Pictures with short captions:
───
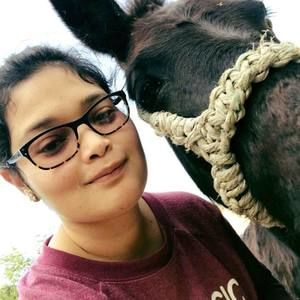 Meet your Posher, Rocio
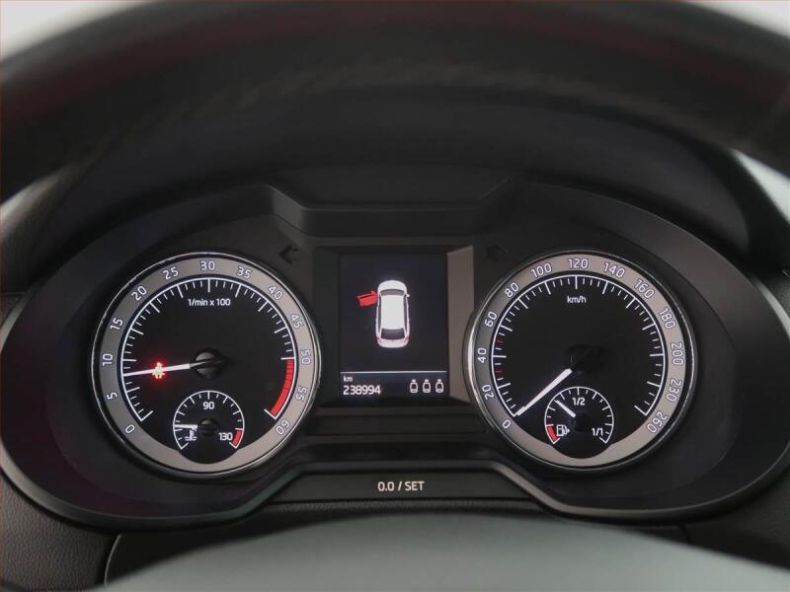 Škoda Octavia - hlavní fotka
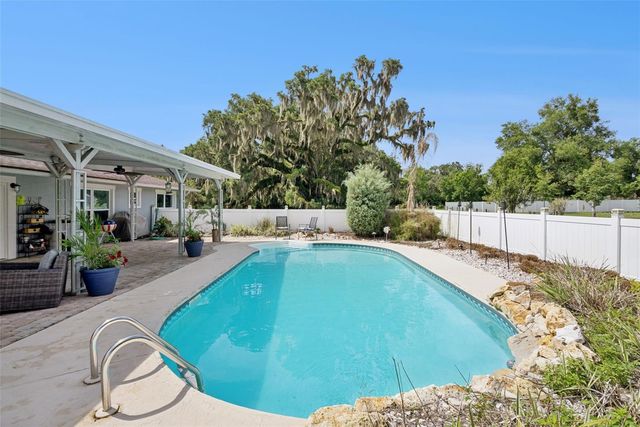 2530 E NEW YORK AVENUE, Deland, FL 32724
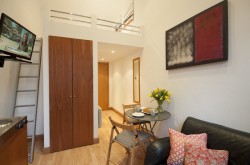 Notting Hill Serviced Studio - Standard Mezzanine double bed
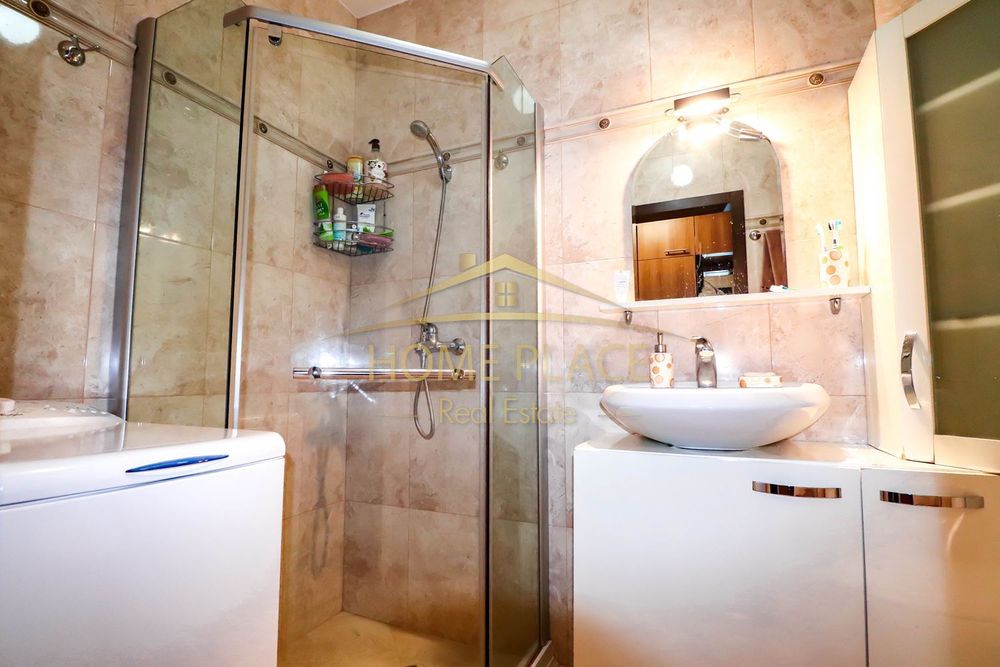 Дава се под наем Двустаен апартамент в Варна, Център - 60 кв.м за 612 € - Снимка #11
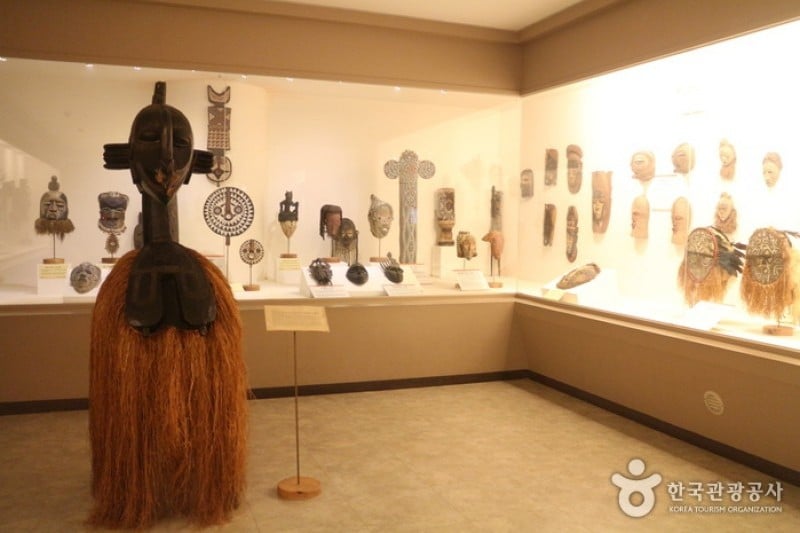 Hahoe Mask Museum  (18/23)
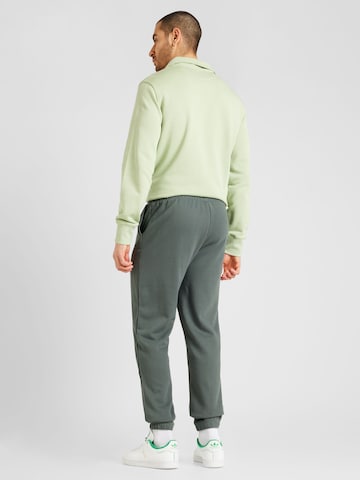Effilé Pantalon de sport 'Jaiden' Virtus en vert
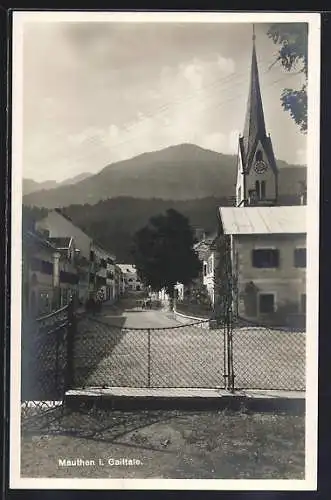 AK Mauthen im Gailtale, Strassenansicht mit Kirche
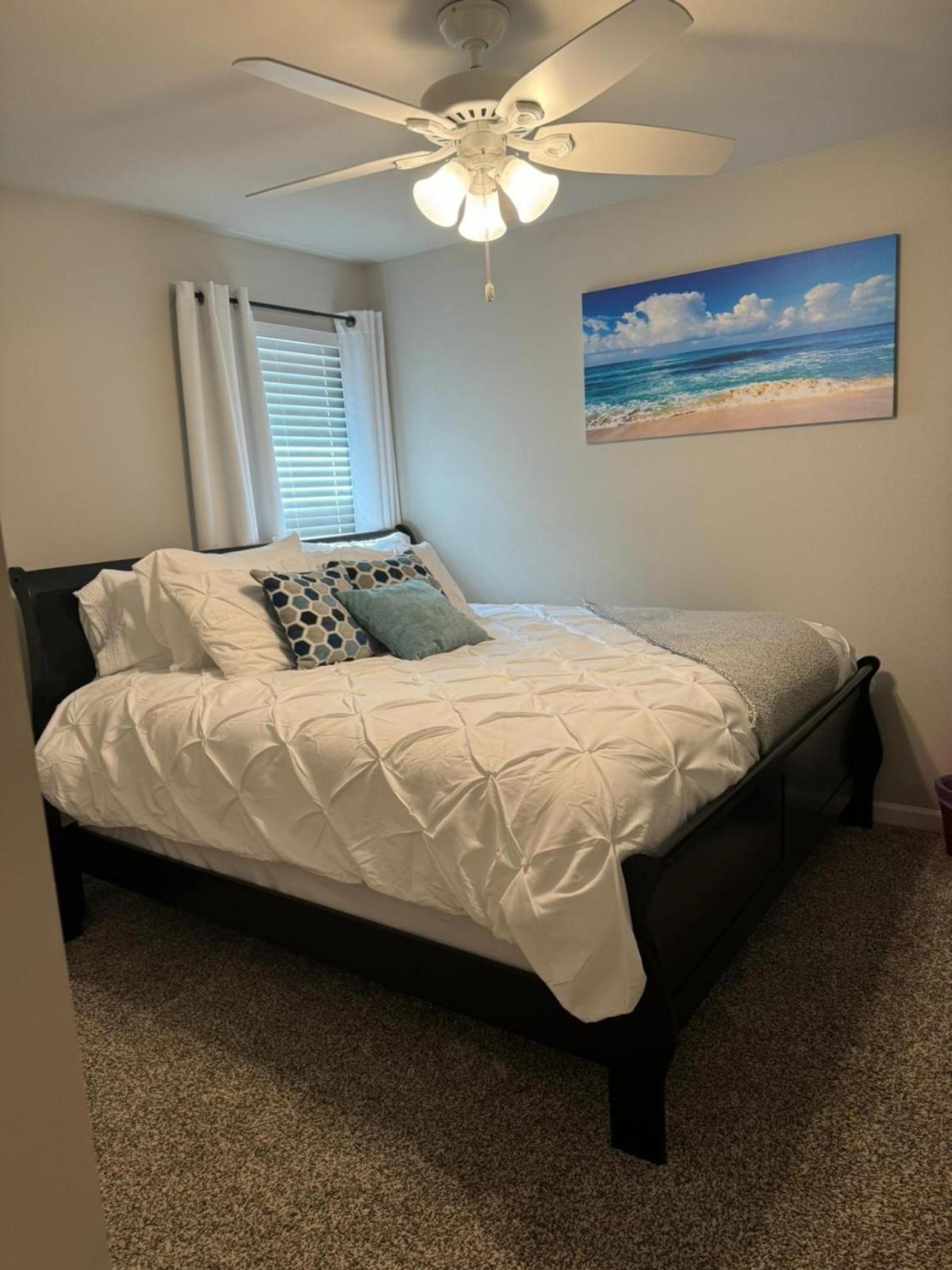 Mid-term Hub 2 King Beds Workspace Lake Charles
───
- What the exercise asks
Leave the pictures out, and restate exactly the lines from the start of the records through the one that contains "Дава се под".

- Answer to this problem
 Meet your Posher, Rocio
 Škoda Octavia - hlavní fotka
 2530 E NEW YORK AVENUE, Deland, FL 32724
 Notting Hill Serviced Studio - Standard Mezzanine double bed
 Дава се под наем Двустаен апартамент в Варна, Център - 60 кв.м за 612 € - Снимка #11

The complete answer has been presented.